Exercise aim: Without any pictures, print the lines below from the one that has "thumbnail image 3" through the one that has "15 Newkirk Road, Franklin Twsp, NJ 08873", exactly and nothing else.

Source data:
──────

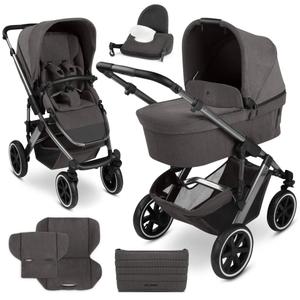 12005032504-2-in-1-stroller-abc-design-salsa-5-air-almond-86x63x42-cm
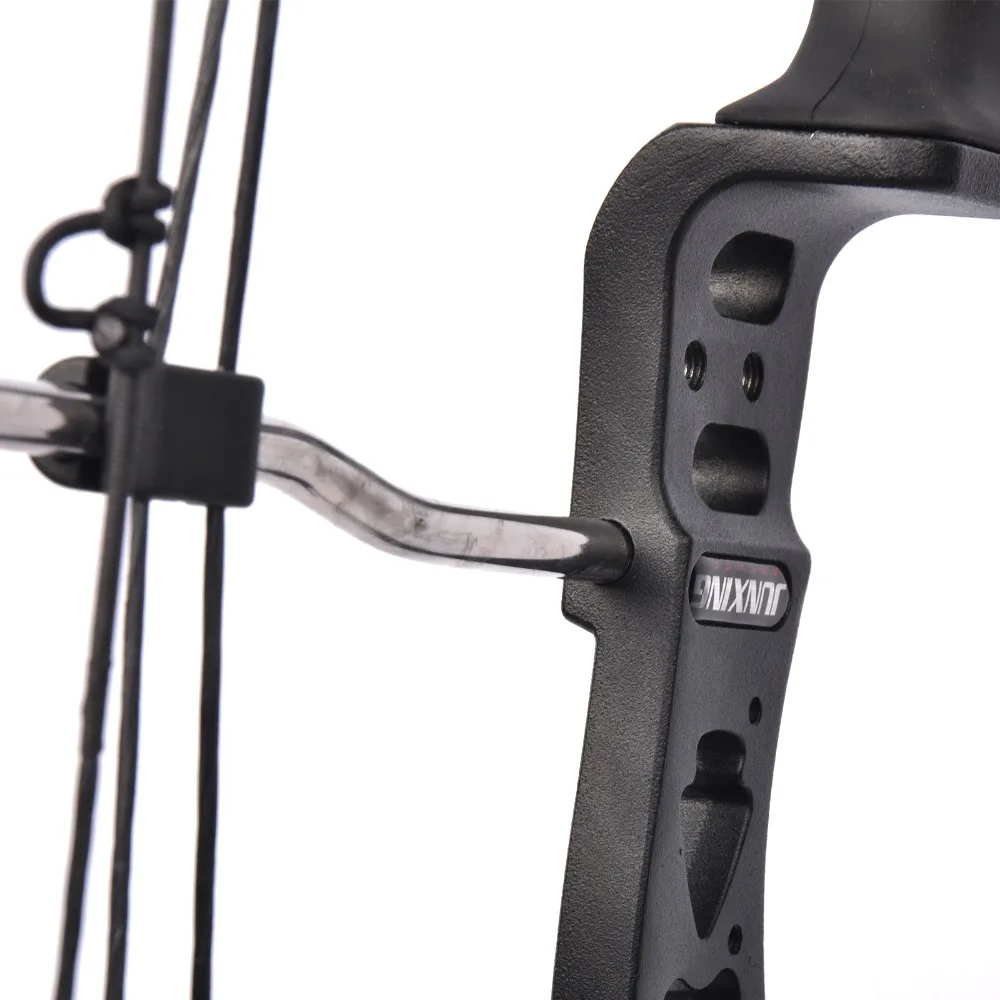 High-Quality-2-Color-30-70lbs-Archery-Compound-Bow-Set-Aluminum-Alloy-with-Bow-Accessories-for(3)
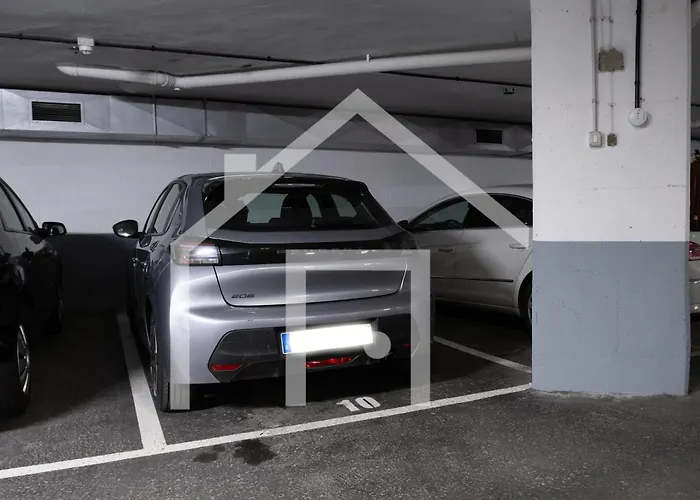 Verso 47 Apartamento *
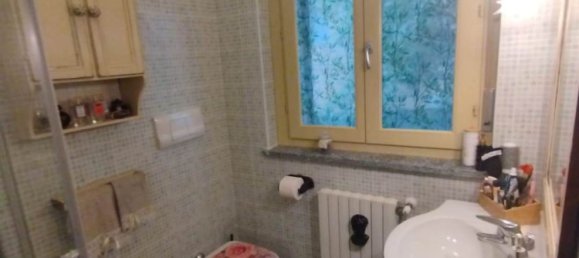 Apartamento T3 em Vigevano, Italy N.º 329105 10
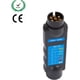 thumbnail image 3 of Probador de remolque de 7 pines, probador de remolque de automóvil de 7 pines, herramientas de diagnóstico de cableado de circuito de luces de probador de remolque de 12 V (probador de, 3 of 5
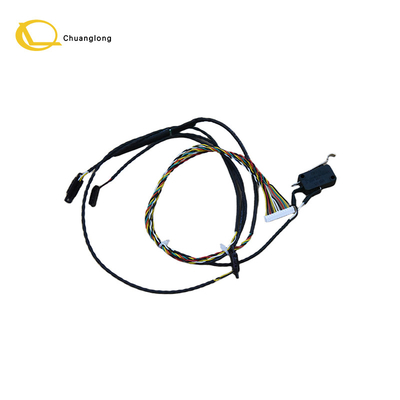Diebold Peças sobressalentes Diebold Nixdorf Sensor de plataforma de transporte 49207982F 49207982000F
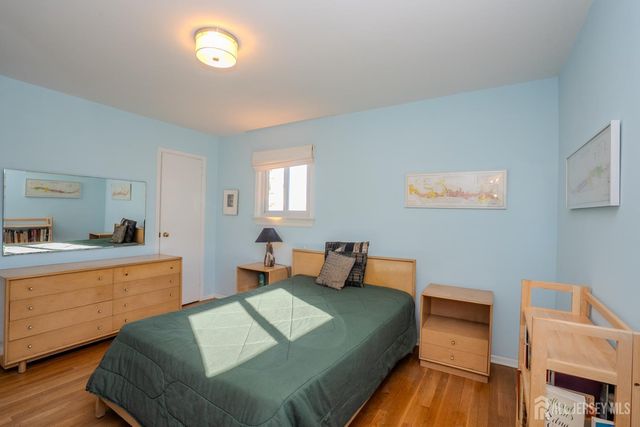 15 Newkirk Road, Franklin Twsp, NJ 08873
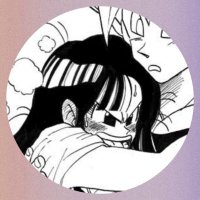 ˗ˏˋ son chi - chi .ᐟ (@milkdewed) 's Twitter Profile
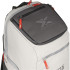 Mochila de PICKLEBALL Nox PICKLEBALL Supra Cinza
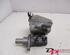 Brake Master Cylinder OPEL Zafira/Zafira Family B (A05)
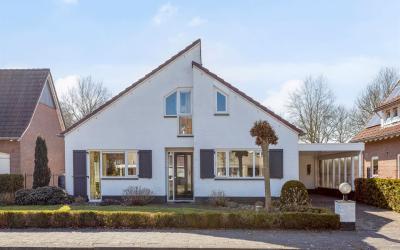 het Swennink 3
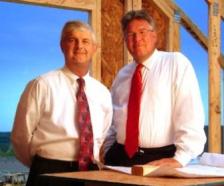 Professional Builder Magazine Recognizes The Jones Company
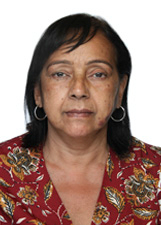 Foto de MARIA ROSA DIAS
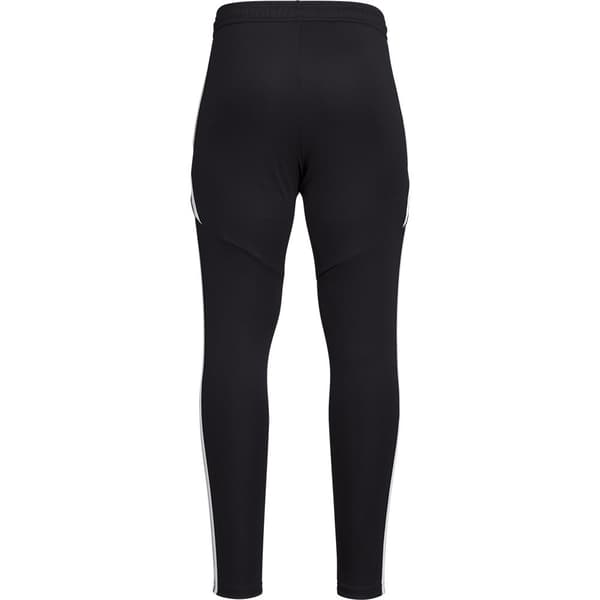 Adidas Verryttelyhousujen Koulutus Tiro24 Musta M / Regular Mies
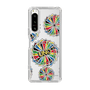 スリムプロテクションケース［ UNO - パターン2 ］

──────

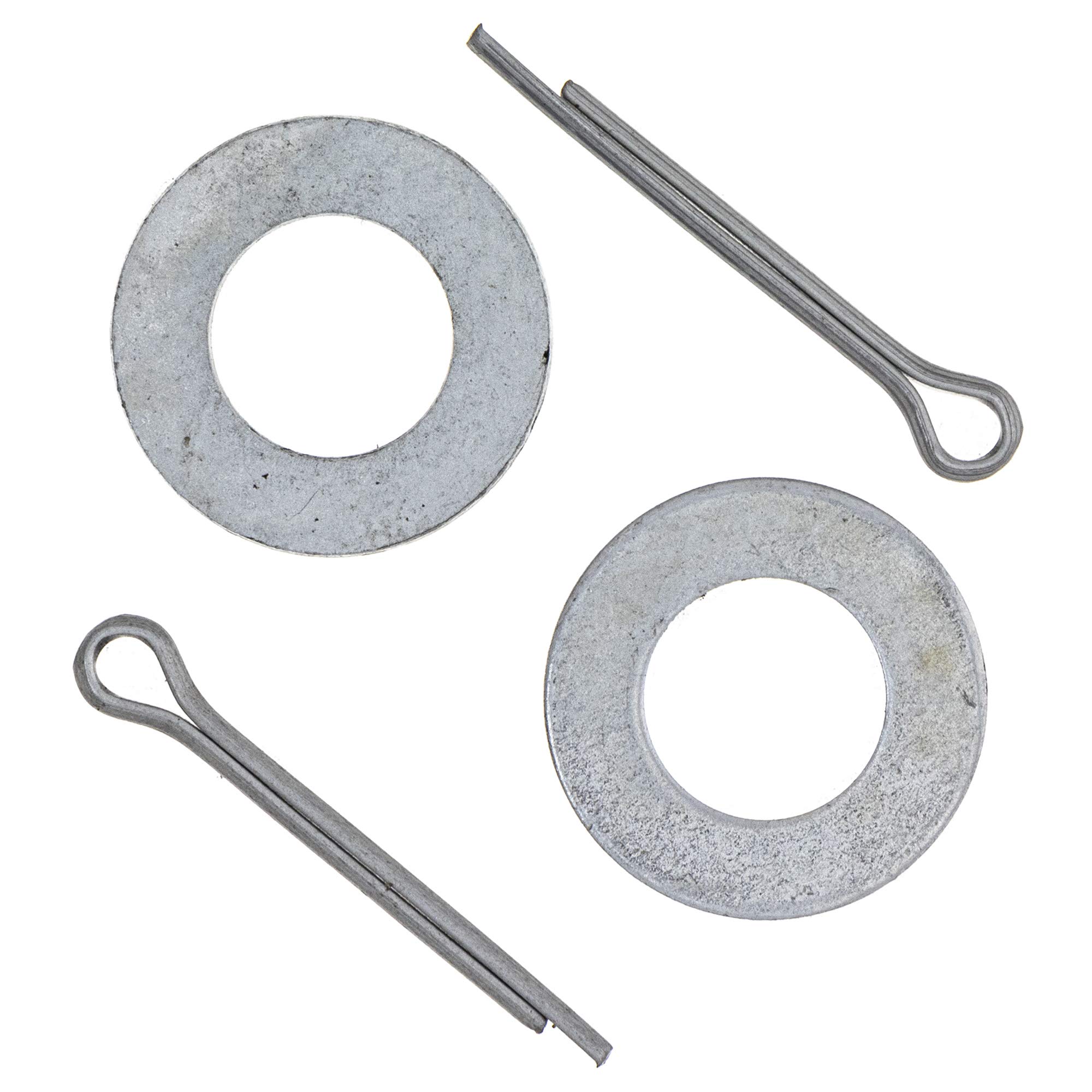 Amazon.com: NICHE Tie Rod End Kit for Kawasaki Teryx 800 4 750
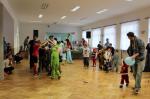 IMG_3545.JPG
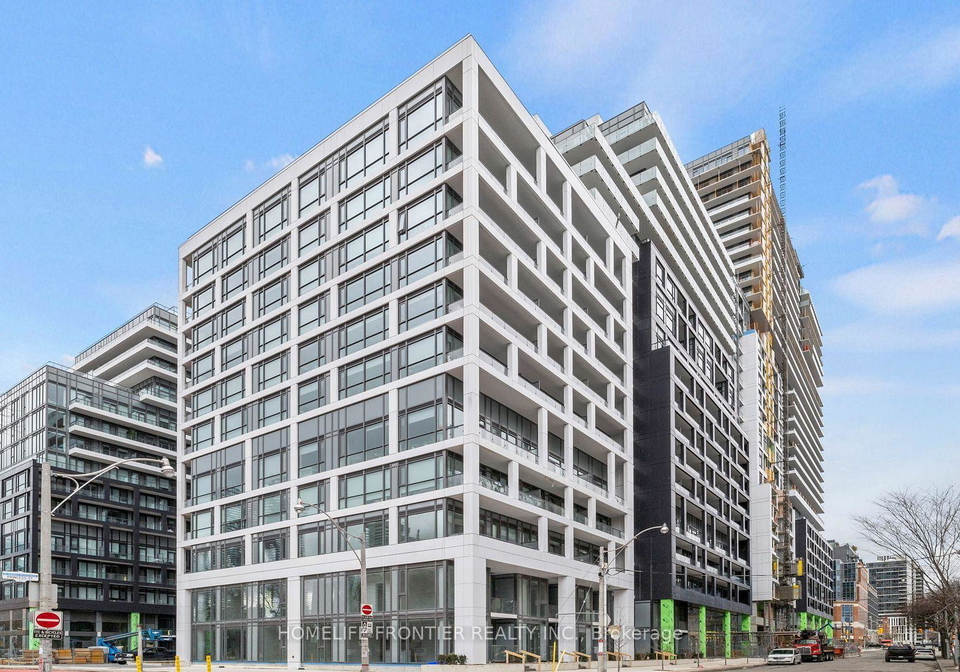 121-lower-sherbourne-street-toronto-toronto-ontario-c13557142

──────

Solution to this problem:
 thumbnail image 3 of Probador de remolque de 7 pines, probador de remolque de automóvil de 7 pines, herramientas de diagnóstico de cableado de circuito de luces de probador de remolque de 12 V (probador de, 3 of 5
Diebold Peças sobressalentes Diebold Nixdorf Sensor de plataforma de transporte 49207982F 49207982000F
 15 Newkirk Road, Franklin Twsp, NJ 08873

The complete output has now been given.